> **Work instruction**: Each record below is to be output with no change at all.
Extracted information below:
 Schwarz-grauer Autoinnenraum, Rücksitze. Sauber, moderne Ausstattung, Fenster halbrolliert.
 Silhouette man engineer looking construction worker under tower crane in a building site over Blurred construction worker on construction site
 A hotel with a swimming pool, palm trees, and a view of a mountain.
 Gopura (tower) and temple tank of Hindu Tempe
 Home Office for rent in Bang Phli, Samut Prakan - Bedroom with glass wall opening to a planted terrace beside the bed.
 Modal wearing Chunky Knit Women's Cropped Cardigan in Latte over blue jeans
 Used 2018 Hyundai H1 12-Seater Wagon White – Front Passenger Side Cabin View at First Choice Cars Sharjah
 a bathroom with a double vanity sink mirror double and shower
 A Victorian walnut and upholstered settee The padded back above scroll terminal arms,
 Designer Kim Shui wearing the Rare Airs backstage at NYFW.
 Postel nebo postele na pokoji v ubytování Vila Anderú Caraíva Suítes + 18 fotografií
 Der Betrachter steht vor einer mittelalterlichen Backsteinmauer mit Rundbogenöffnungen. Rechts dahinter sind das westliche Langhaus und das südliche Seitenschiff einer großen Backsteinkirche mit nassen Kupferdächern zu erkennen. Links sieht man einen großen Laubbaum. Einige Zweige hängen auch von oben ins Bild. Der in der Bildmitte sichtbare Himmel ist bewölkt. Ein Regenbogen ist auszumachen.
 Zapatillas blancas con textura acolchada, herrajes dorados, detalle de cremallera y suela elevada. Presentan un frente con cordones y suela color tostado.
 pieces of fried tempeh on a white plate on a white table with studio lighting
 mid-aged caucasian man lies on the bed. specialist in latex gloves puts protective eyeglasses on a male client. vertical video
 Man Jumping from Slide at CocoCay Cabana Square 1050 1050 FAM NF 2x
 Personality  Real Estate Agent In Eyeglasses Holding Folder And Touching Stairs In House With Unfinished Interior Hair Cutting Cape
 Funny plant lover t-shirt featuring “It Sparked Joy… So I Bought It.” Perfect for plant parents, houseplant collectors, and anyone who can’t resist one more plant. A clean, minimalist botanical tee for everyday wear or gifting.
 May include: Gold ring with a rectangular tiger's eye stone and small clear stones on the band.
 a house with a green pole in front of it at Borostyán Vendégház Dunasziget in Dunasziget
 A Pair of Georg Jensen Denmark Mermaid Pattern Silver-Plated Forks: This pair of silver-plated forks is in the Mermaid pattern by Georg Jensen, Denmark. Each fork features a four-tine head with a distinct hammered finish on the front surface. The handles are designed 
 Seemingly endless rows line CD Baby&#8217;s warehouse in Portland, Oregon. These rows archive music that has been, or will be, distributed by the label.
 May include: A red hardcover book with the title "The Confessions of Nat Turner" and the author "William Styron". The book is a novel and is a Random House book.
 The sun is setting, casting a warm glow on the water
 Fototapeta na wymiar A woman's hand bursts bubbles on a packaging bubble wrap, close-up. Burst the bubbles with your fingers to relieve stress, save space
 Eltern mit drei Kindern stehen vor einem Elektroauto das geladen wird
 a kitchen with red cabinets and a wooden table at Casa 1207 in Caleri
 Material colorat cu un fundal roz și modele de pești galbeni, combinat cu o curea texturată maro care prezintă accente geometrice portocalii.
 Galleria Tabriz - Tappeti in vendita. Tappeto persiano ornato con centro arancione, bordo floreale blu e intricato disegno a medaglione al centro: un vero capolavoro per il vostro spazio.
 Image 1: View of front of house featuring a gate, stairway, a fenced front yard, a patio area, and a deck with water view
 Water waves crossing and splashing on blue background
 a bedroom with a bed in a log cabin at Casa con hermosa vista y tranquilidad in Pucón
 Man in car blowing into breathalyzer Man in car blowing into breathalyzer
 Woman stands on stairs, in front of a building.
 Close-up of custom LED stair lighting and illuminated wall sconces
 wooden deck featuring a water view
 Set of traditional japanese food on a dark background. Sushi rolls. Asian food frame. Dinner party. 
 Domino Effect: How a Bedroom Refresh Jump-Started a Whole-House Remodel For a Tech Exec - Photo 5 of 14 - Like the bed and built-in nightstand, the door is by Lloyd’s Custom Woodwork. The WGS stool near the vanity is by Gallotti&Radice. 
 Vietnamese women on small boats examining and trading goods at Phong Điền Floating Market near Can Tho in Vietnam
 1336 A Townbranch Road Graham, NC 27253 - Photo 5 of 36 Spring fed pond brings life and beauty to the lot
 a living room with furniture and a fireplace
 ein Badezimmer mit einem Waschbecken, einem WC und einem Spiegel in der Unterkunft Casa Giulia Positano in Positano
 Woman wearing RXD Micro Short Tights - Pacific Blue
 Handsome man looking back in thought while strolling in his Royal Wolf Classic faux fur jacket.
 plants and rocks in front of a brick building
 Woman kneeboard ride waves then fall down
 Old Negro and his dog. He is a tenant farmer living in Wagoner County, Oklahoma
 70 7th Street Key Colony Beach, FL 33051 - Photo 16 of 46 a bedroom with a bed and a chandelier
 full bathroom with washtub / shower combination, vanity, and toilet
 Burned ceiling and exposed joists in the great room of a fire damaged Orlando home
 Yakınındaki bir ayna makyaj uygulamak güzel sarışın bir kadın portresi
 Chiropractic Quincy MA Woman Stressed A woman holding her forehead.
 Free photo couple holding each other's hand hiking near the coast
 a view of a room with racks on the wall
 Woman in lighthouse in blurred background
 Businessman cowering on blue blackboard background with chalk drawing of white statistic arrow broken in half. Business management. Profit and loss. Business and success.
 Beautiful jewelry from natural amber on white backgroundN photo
End of Extracted information.
> **Finished task**:
 Schwarz-grauer Autoinnenraum, Rücksitze. Sauber, moderne Ausstattung, Fenster halbrolliert.
 Silhouette man engineer looking construction worker under tower crane in a building site over Blurred construction worker on construction site
 A hotel with a swimming pool, palm trees, and a view of a mountain.
 Gopura (tower) and temple tank of Hindu Tempe
 Home Office for rent in Bang Phli, Samut Prakan - Bedroom with glass wall opening to a planted terrace beside the bed.
 Modal wearing Chunky Knit Women's Cropped Cardigan in Latte over blue jeans
 Used 2018 Hyundai H1 12-Seater Wagon White – Front Passenger Side Cabin View at First Choice Cars Sharjah
 a bathroom with a double vanity sink mirror double and shower
 A Victorian walnut and upholstered settee The padded back above scroll terminal arms,
 Designer Kim Shui wearing the Rare Airs backstage at NYFW.
 Postel nebo postele na pokoji v ubytování Vila Anderú Caraíva Suítes + 18 fotografií
 Der Betrachter steht vor einer mittelalterlichen Backsteinmauer mit Rundbogenöffnungen. Rechts dahinter sind das westliche Langhaus und das südliche Seitenschiff einer großen Backsteinkirche mit nassen Kupferdächern zu erkennen. Links sieht man einen großen Laubbaum. Einige Zweige hängen auch von oben ins Bild. Der in der Bildmitte sichtbare Himmel ist bewölkt. Ein Regenbogen ist auszumachen.
 Zapatillas blancas con textura acolchada, herrajes dorados, detalle de cremallera y suela elevada. Presentan un frente con cordones y suela color tostado.
 pieces of fried tempeh on a white plate on a white table with studio lighting
 mid-aged caucasian man lies on the bed. specialist in latex gloves puts protective eyeglasses on a male client. vertical video
 Man Jumping from Slide at CocoCay Cabana Square 1050 1050 FAM NF 2x
 Personality  Real Estate Agent In Eyeglasses Holding Folder And Touching Stairs In House With Unfinished Interior Hair Cutting Cape
 Funny plant lover t-shirt featuring “It Sparked Joy… So I Bought It.” Perfect for plant parents, houseplant collectors, and anyone who can’t resist one more plant. A clean, minimalist botanical tee for everyday wear or gifting.
 May include: Gold ring with a rectangular tiger's eye stone and small clear stones on the band.
 a house with a green pole in front of it at Borostyán Vendégház Dunasziget in Dunasziget
 A Pair of Georg Jensen Denmark Mermaid Pattern Silver-Plated Forks: This pair of silver-plated forks is in the Mermaid pattern by Georg Jensen, Denmark. Each fork features a four-tine head with a distinct hammered finish on the front surface. The handles are designed 
 Seemingly endless rows line CD Baby&#8217;s warehouse in Portland, Oregon. These rows archive music that has been, or will be, distributed by the label.
 May include: A red hardcover book with the title "The Confessions of Nat Turner" and the author "William Styron". The book is a novel and is a Random House book.
 The sun is setting, casting a warm glow on the water
 Fototapeta na wymiar A woman's hand bursts bubbles on a packaging bubble wrap, close-up. Burst the bubbles with your fingers to relieve stress, save space
 Eltern mit drei Kindern stehen vor einem Elektroauto das geladen wird
 a kitchen with red cabinets and a wooden table at Casa 1207 in Caleri
 Material colorat cu un fundal roz și modele de pești galbeni, combinat cu o curea texturată maro care prezintă accente geometrice portocalii.
 Galleria Tabriz - Tappeti in vendita. Tappeto persiano ornato con centro arancione, bordo floreale blu e intricato disegno a medaglione al centro: un vero capolavoro per il vostro spazio.
 Image 1: View of front of house featuring a gate, stairway, a fenced front yard, a patio area, and a deck with water view
 Water waves crossing and splashing on blue background
 a bedroom with a bed in a log cabin at Casa con hermosa vista y tranquilidad in Pucón
 Man in car blowing into breathalyzer Man in car blowing into breathalyzer
 Woman stands on stairs, in front of a building.
 Close-up of custom LED stair lighting and illuminated wall sconces
 wooden deck featuring a water view
 Set of traditional japanese food on a dark background. Sushi rolls. Asian food frame. Dinner party. 
 Domino Effect: How a Bedroom Refresh Jump-Started a Whole-House Remodel For a Tech Exec - Photo 5 of 14 - Like the bed and built-in nightstand, the door is by Lloyd’s Custom Woodwork. The WGS stool near the vanity is by Gallotti&Radice. 
 Vietnamese women on small boats examining and trading goods at Phong Điền Floating Market near Can Tho in Vietnam
 1336 A Townbranch Road Graham, NC 27253 - Photo 5 of 36 Spring fed pond brings life and beauty to the lot
 a living room with furniture and a fireplace
 ein Badezimmer mit einem Waschbecken, einem WC und einem Spiegel in der Unterkunft Casa Giulia Positano in Positano
 Woman wearing RXD Micro Short Tights - Pacific Blue
 Handsome man looking back in thought while strolling in his Royal Wolf Classic faux fur jacket.
 plants and rocks in front of a brick building
 Woman kneeboard ride waves then fall down
 Old Negro and his dog. He is a tenant farmer living in Wagoner County, Oklahoma
 70 7th Street Key Colony Beach, FL 33051 - Photo 16 of 46 a bedroom with a bed and a chandelier
 full bathroom with washtub / shower combination, vanity, and toilet
 Burned ceiling and exposed joists in the great room of a fire damaged Orlando home
 Yakınındaki bir ayna makyaj uygulamak güzel sarışın bir kadın portresi
 Chiropractic Quincy MA Woman Stressed A woman holding her forehead.
 Free photo couple holding each other's hand hiking near the coast
 a view of a room with racks on the wall
 Woman in lighthouse in blurred background
 Businessman cowering on blue blackboard background with chalk drawing of white statistic arrow broken in half. Business management. Profit and loss. Business and success.
 Beautiful jewelry from natural amber on white backgroundN photo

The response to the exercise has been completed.